Others may already be turned off by another sermon on judgment. Isn't God mellower nowadays? Many people think so. Muslims teach that if your good deeds outweigh your bad deeds, then God is satisfied and allows you into heaven. Lots of non-Muslim Americans think the same thing. Every once in a while a movie comes out with a character whose good deeds exactly balance the bad ones, and who is stuck in-between until he or she does something to tip the balance: Cary Grant in "Topper," Patrick Swayze in "Ghost" (I think), and so on.

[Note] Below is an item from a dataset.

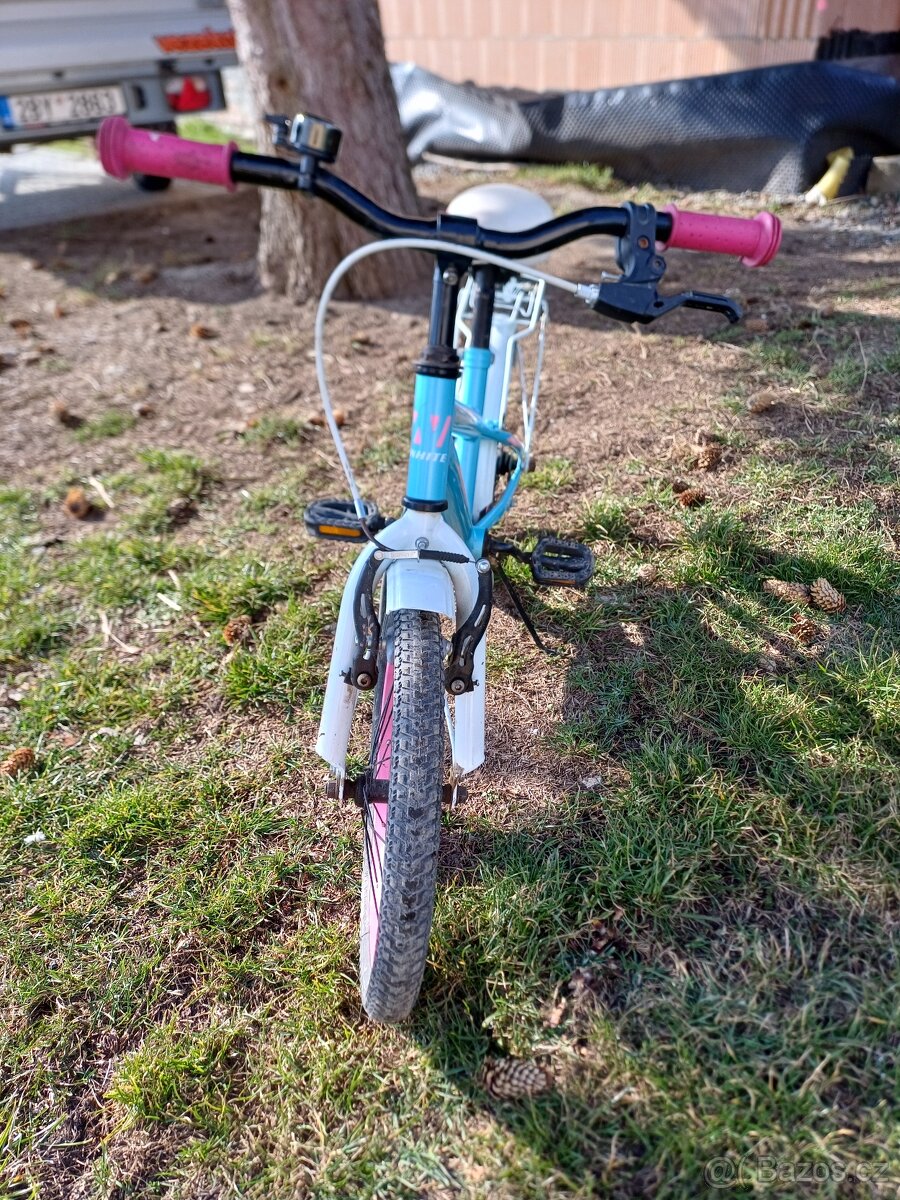 Dívčí kolo 16' - 2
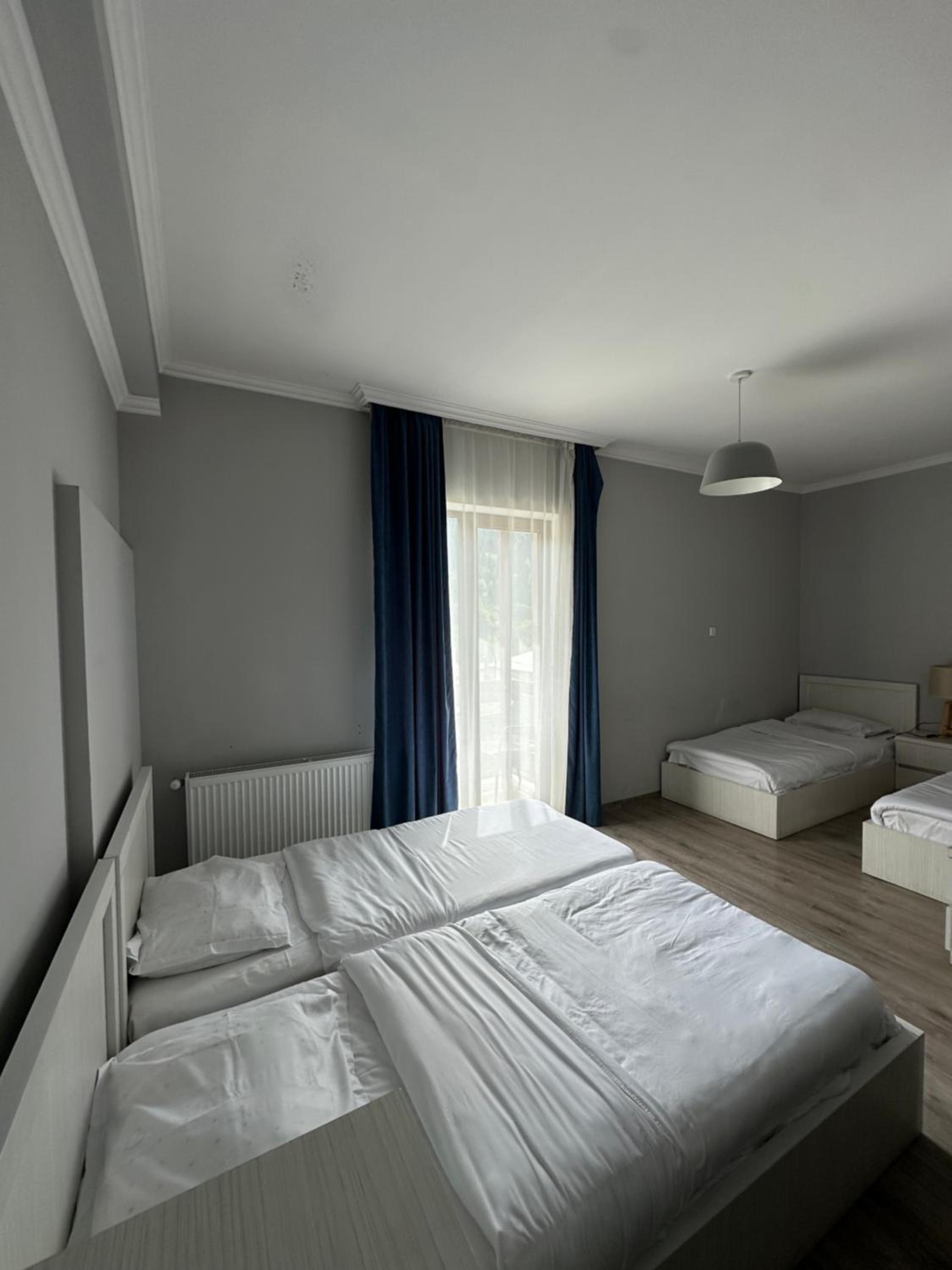 Quadruple Room with Private Bathroom photo 1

At first this idea seems to make sense. But does it really work? What if our criminal justice system worked like that? I kill someone. But in court I plead, "Sure I killed him. But I have three kids. My wife and I have created three whole human beings." The judge does the math, and lets me go with – a commendation! (And a warning that I'm over my limit if I kill again.)

Or, Westmont College finds out I've been embezzling money from the scholarship fund. I've stolen $10,000. But I show my charitable giving receipts for all the years I've been paying taxes. They exceed the ten grand. Whew! Not only do I keep my job, but because I'm in the black, I get a promotion and permanent tenure!

C'mon. What kind of world would we have if that's how judgment worked? Whom are we trying to fool? Ourselves, that's whom. Life wouldn't be Hollywood, it would be hell on earth.

What makes us think God has even lower standards than we do? Wishful thinking, maybe?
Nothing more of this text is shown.